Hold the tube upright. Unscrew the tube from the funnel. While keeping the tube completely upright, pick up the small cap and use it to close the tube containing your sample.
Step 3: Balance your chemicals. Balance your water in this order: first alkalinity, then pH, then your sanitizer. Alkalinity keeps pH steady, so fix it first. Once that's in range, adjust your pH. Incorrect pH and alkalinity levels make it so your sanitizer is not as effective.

--

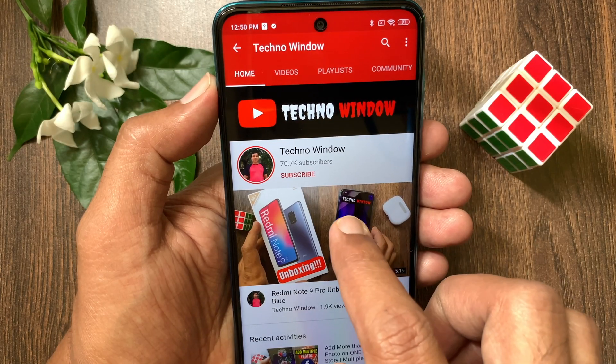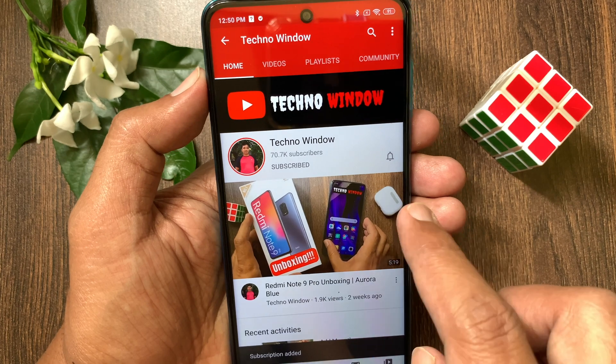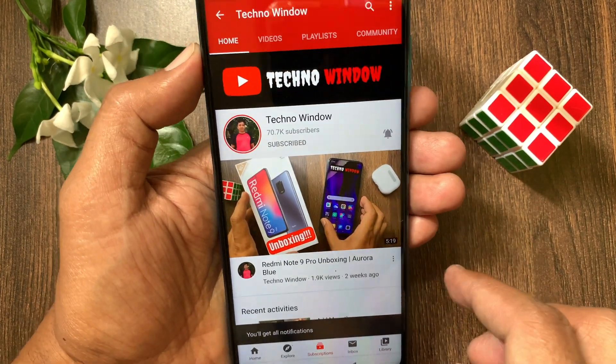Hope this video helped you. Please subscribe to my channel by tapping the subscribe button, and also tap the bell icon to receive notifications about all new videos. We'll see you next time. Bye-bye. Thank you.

_WHAT YOU ARE ASKED TO DO:_ Count every line of the listing that includes the word "your", then give that count and no other words.

_WRITTEN ANSWER:_ 2